President Muhammadu Buhari has directed the Inspector General of Police, Mohammed Adamu, to address issues raised by Nigerians in their protests against police inhuman treatment and extrajudicial killings in the country.
Rights activists, artistes and celebrities have taken to the streets in major cities protesting the actions and demanding the scrapping of the police Special Anti-armed Robbery Squad.
The protests have assumed a global dimension as many Nigerians in other countries including the United States, the United Kingdom and Canada, especially celebrities joined the campaign.
Apart from Nigeria, the #EndSARS hashtag has been trending in the UK, Canada, and the US.
British-Nigerian actor John Boyega expressed support for the campaign.
The President said in a statement he personally signed on Friday that he had with the IGP over the issue.
Vice President Yemi Osinbajo had earlier met with IGP Adamu on the same public outcry against SARS and expressed support for the immediate reform of the police unit starting with a ban on the stop-and-search patrols.

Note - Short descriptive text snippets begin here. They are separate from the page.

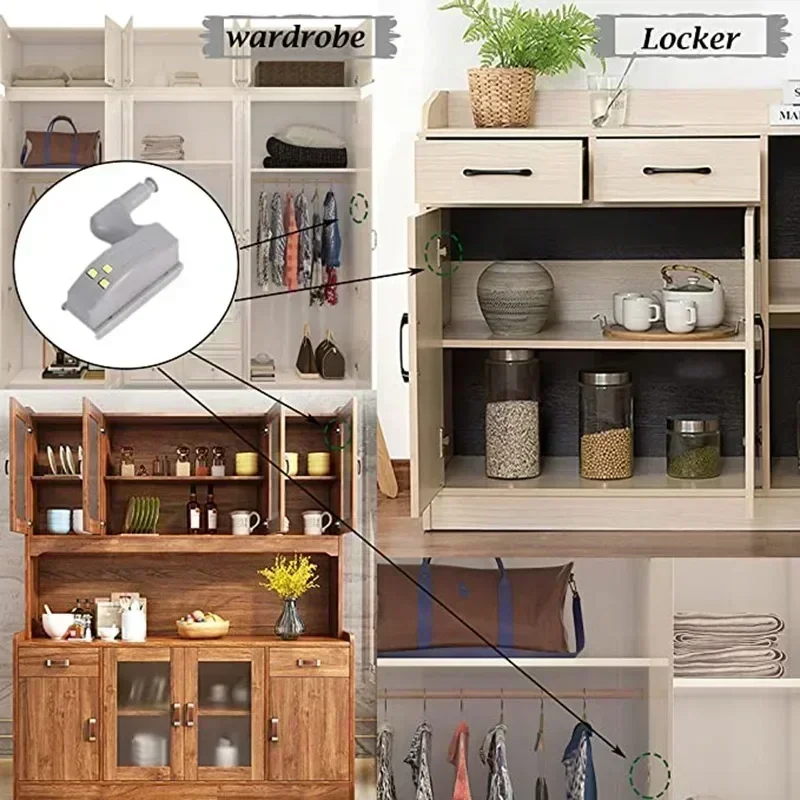Cabinet Lights LED Inner Hinge Lamp Universal Wardrobe Cupboard Door Sensor Lights Bedroom Wardrobe Kitchen Closet Night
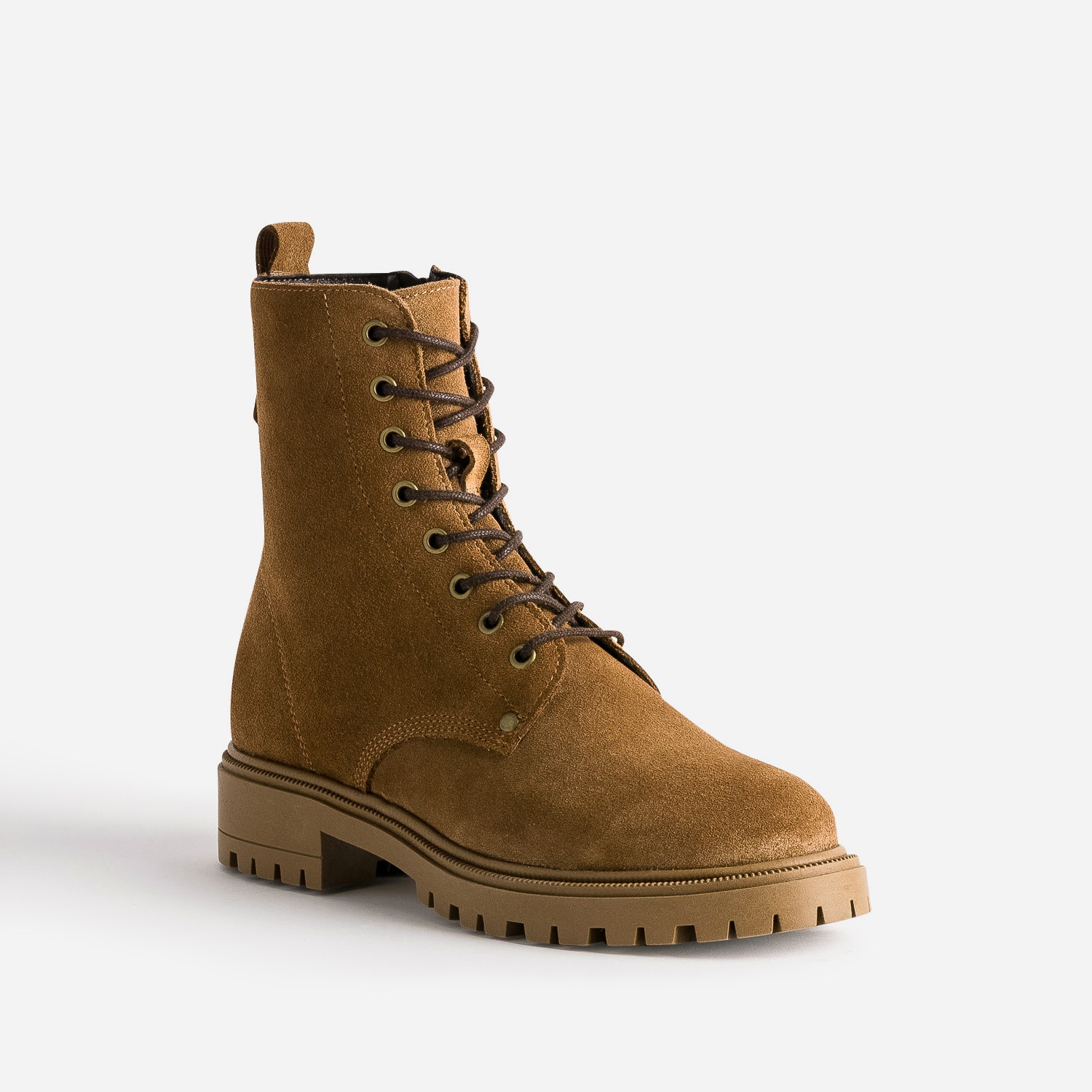 Boots cranté TEXTO en cuir camel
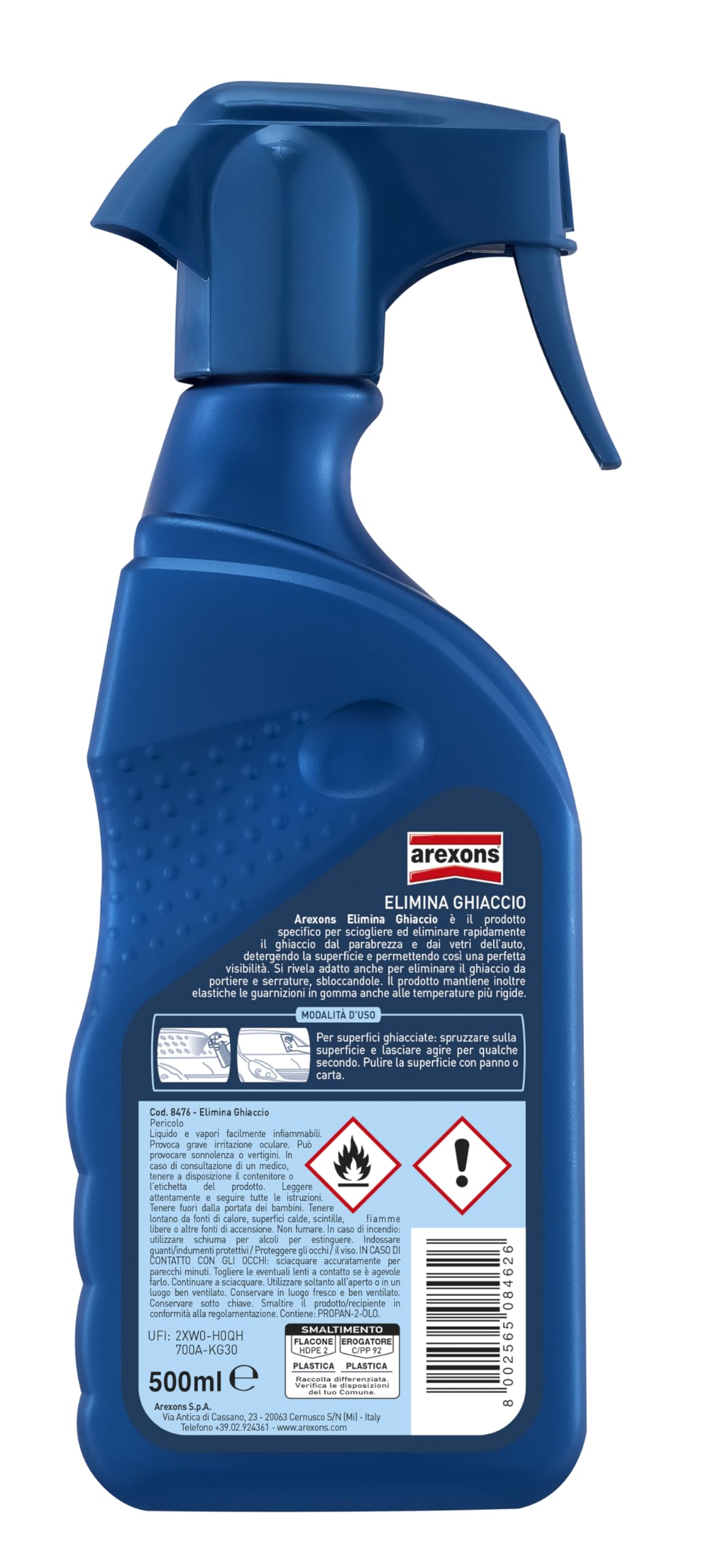 AREXONS Cura Auto Elimina Ghiaccio Spray 500 ml Adatto a Parabrezza e Vetri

Buhari said, “I met again with the IGP tonight. Our determination to reform the police should never be in doubt.”
“I am being briefed regularly on the reform efforts ongoing to end police brutality and unethical conduct, and ensure that the Police are fully accountable to the people.”
He said he had ordered the IGP “to conclusively address the concerns of Nigerians regarding these excesses and ensure erring personnel are brought to justice.”
The President urged the people to exercise patience and be calm, assuring them of adequate protection and stressed that the majority of those in the Nigeria Police Force were patriotic and remained committed to the protection of the lives and property of Nigerians.
Nigerian musicians such as Davido, Wizkid, Tiwa Savage, Runtown, Falz, Wulrd and DJ Spinal joined the anti-SARS street protests in Lagos
Award-winning actress Nse Ikpe-Etim has also tweeted to join Edward’s protest.
A professional athlete and owner of the first Black-owned cigar line in the UK Mike Edwards has said he would be leading a protest to Nigeria High Commission in London on Sunday.
The protests sweeping through many streets of Abuja and states like Lagos, Osun, Edo and Delta were against the extortion, illegal detention, and extra-judicial killings of Nigerians, mostly youths, by members of the police unit.
Specifically, the protesters are calling for the scrapping of the police’s notorious unit.
The protests followed the footage showing officers from the SARS police unit dragging two men from a hotel in Lagos and shooting one of them in the street.
In the disturbing footage taken by visitors at a hotel and posted on to social media armed officers of the SARS can be seen dragging the victims from the hotel compound into the street before one of the men is shot.
This has prompted the Inspector General of Police, Mohammed Adamu, to announce the ban of SARS and other tactical police units from stop-and-search patrols, nationwide.